Give back the full listing, character for character, with no pictures.

**EXTRACTED MATERIAL:**
---------------
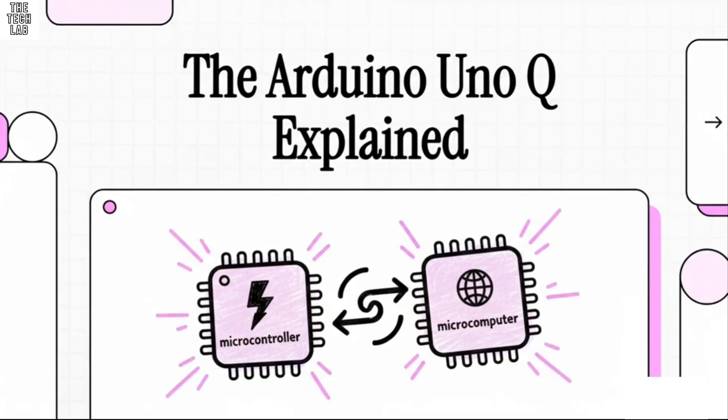Let's talk about the brand new Arduino Uno Q. This is not just another board they're adding to the family. This thing is a huge leap forward. It's basically a microcontroller and a microcomputer smashed together into one package. So what does that actually mean for us?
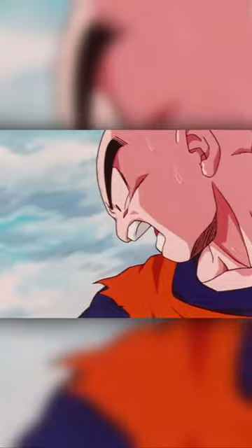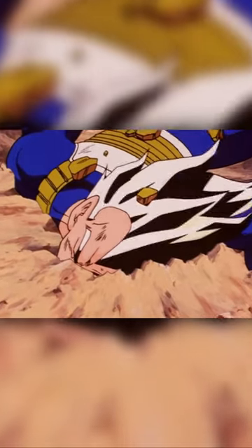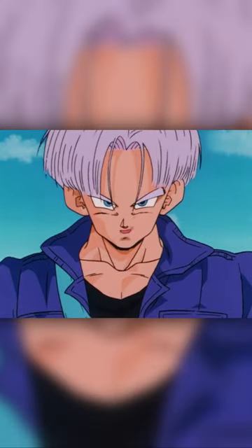Before the arc, if a person was Super Saiyan but there wasn't an aura, then their clothing and skin was lit just like they were in their base form. And then, of course, when there was an aura, their skin was lit more harshly because of the glow.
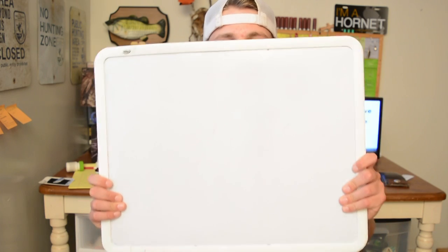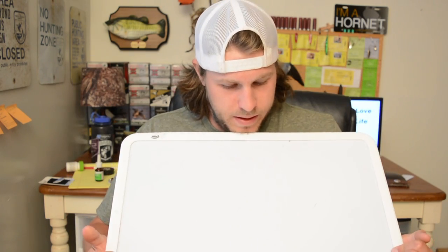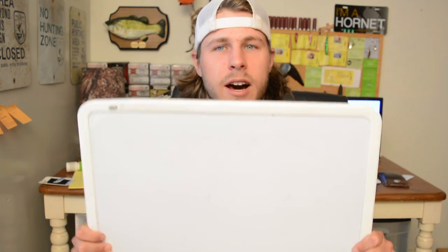Welcome back for another Waterfowl Wednesday. Today we're gonna be covering decoy spreads for ducks over water. I figured the easiest way to do this would be to use a whiteboard — we're kind of close but it'll be alright.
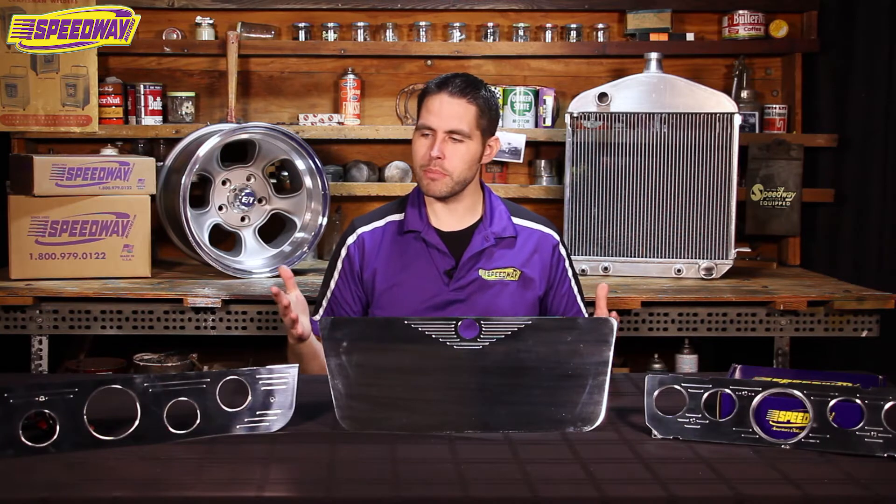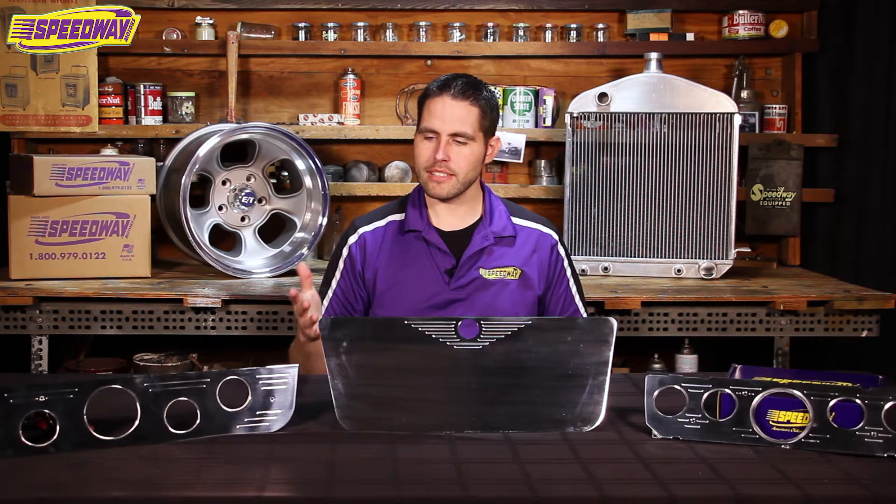Hello everyone and welcome back to Speedway Motors. My name is Pat. Here at Speedway we have a ton to offer when it comes to CNC billet aluminum pieces, and in fact we offer these made in America gauge panels and overlays.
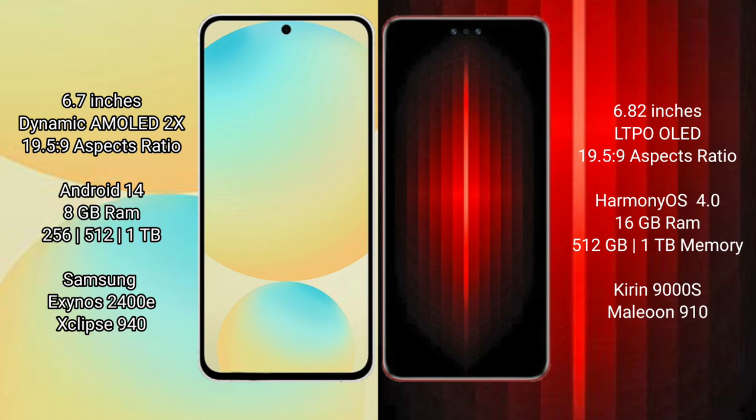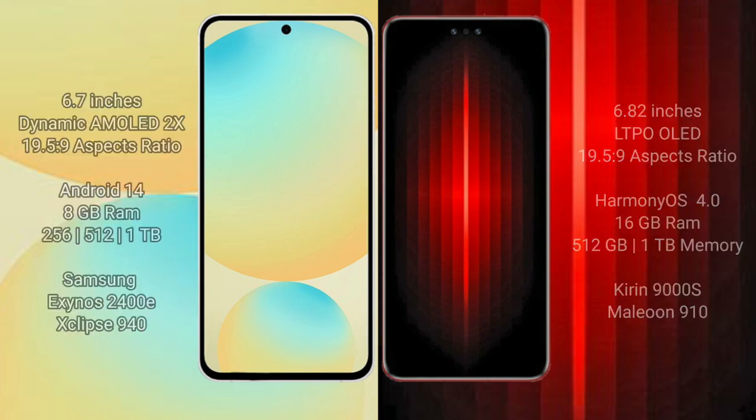Samsung Galaxy S24 FE has 8GB RAM and 256GB internal storage, powered by the Samsung Exynos 2400E processor with GPU 940. Huawei Mate 60 RS Ultimate has 8GB RAM with 512GB or 1TB internal storage options, powered by the Kirin 9000H processor with GPU 910.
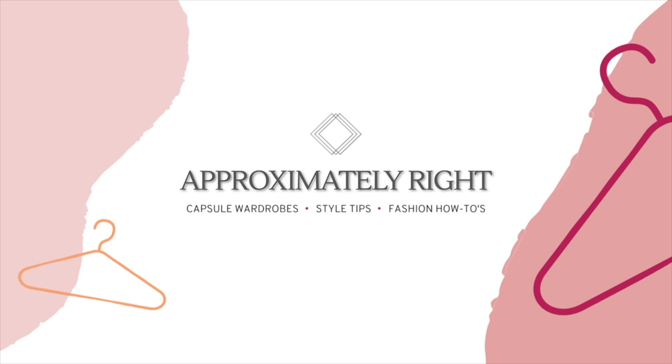Today I'm sharing a modest capsule wardrobe that will help you stay cool in the summer without showing any legs or shoulders. Hello, my name is Fernanda and I make videos to help you build a wardrobe that you love. While modesty is not something I usually touch on in my channel, this video was very highly requested and I can personally think of a million reasons why somebody would need to put together a capsule wardrobe like this.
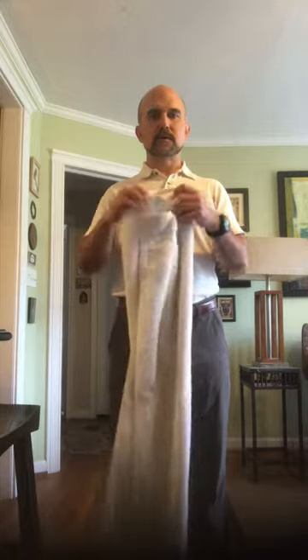Hello, Scott Godwin here, ScottGodwin.net. I want to show you something you can do at home with a towel — a big bath towel like this or a small towel — to strengthen your forearms and your grip, which is helpful for a lot of sports and for aging, where your wrists and hands tend to get weak.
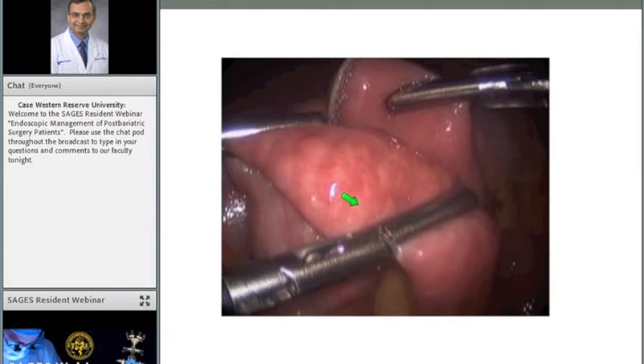Following that, we rotate the bowel counterclockwise and measure off 150 centimeters. I use 150 centimeters because that's the maximum allowed by the CPT code used for this procedure. I don't base roux limb length on BMI — I don't have a reliable method for deciding between 80, 100, or 150 centimeters — so I use a standard 150-centimeter roux limb.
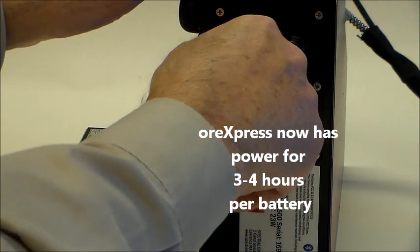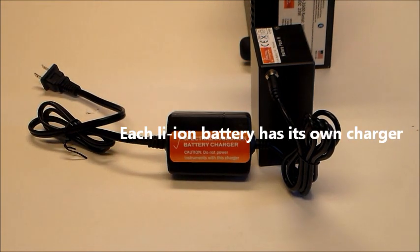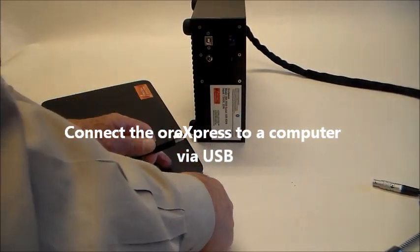Each battery provides three to four hours of power in the field. Each battery comes with its own charger. Connecting a computer with the USB cable is simple and straightforward.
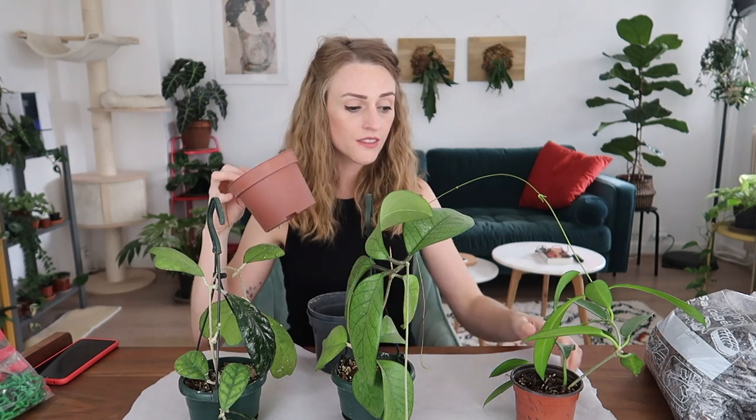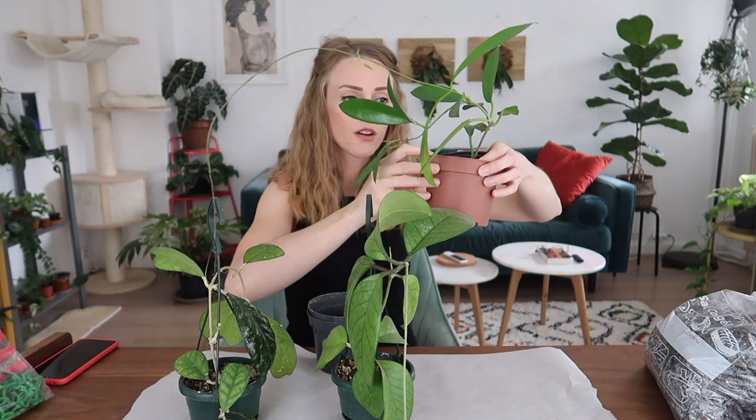What are you going to need? You're going to need some new pots for your Hoyas. Don't over-pot — the general rule is it should only be about one inch or two to three centimeters larger in diameter. It shouldn't be too much larger. You don't want a gigantic pot. I usually make sure that the new pot fits just snug. You're going to need some new pots for your Hoyas.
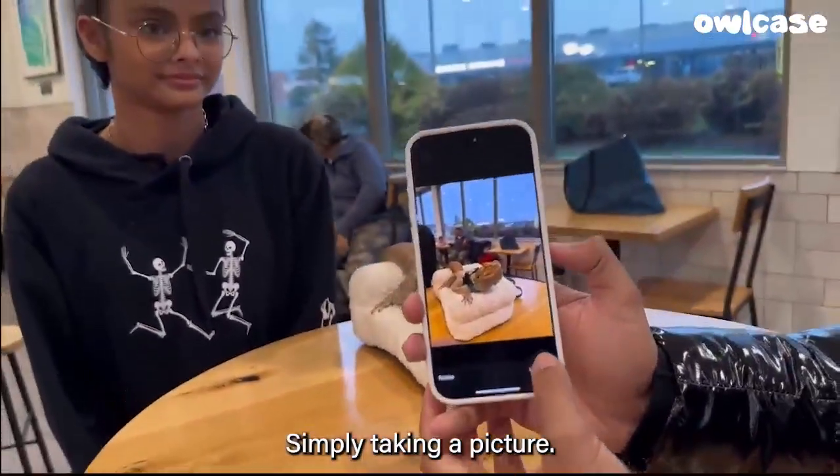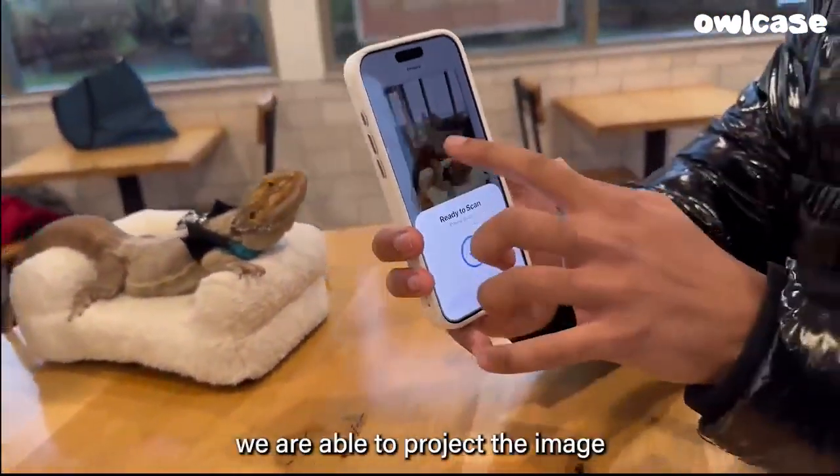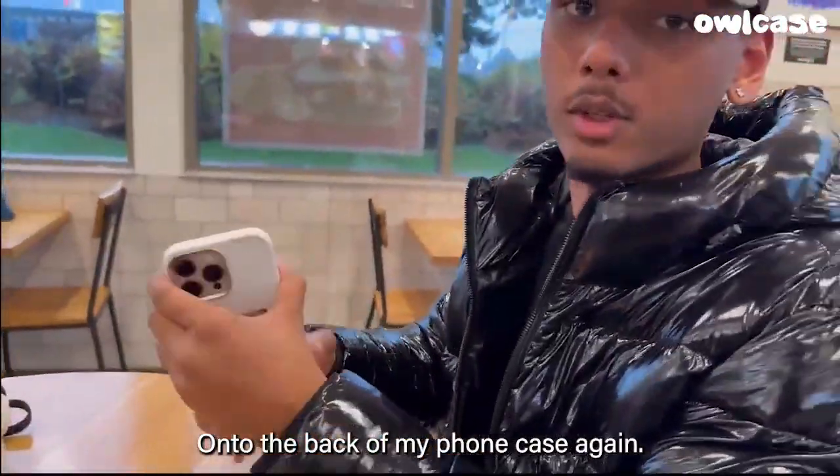Simply taking a picture, use photo, and in a few quick seconds, we are able to project the image I just took live right here of our beauty friend onto the back of my phone case.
---------------
**RESULT OF THE EXERCISE:**
Let's talk about the brand new Arduino Uno Q. This is not just another board they're adding to the family. This thing is a huge leap forward. It's basically a microcontroller and a microcomputer smashed together into one package. So what does that actually mean for us?
Before the arc, if a person was Super Saiyan but there wasn't an aura, then their clothing and skin was lit just like they were in their base form. And then, of course, when there was an aura, their skin was lit more harshly because of the glow.
Welcome back for another Waterfowl Wednesday. Today we're gonna be covering decoy spreads for ducks over water. I figured the easiest way to do this would be to use a whiteboard — we're kind of close but it'll be alright.
Hello everyone and welcome back to Speedway Motors. My name is Pat. Here at Speedway we have a ton to offer when it comes to CNC billet aluminum pieces, and in fact we offer these made in America gauge panels and overlays.
Samsung Galaxy S24 FE has 8GB RAM and 256GB internal storage, powered by the Samsung Exynos 2400E processor with GPU 940. Huawei Mate 60 RS Ultimate has 8GB RAM with 512GB or 1TB internal storage options, powered by the Kirin 9000H processor with GPU 910.
Today I'm sharing a modest capsule wardrobe that will help you stay cool in the summer without showing any legs or shoulders. Hello, my name is Fernanda and I make videos to help you build a wardrobe that you love. While modesty is not something I usually touch on in my channel, this video was very highly requested and I can personally think of a million reasons why somebody would need to put together a capsule wardrobe like this.
Hello, Scott Godwin here, ScottGodwin.net. I want to show you something you can do at home with a towel — a big bath towel like this or a small towel — to strengthen your forearms and your grip, which is helpful for a lot of sports and for aging, where your wrists and hands tend to get weak.
Following that, we rotate the bowel counterclockwise and measure off 150 centimeters. I use 150 centimeters because that's the maximum allowed by the CPT code used for this procedure. I don't base roux limb length on BMI — I don't have a reliable method for deciding between 80, 100, or 150 centimeters — so I use a standard 150-centimeter roux limb.
Each battery provides three to four hours of power in the field. Each battery comes with its own charger. Connecting a computer with the USB cable is simple and straightforward.
What are you going to need? You're going to need some new pots for your Hoyas. Don't over-pot — the general rule is it should only be about one inch or two to three centimeters larger in diameter. It shouldn't be too much larger. You don't want a gigantic pot. I usually make sure that the new pot fits just snug. You're going to need some new pots for your Hoyas.
Simply taking a picture, use photo, and in a few quick seconds, we are able to project the image I just took live right here of our beauty friend onto the back of my phone case.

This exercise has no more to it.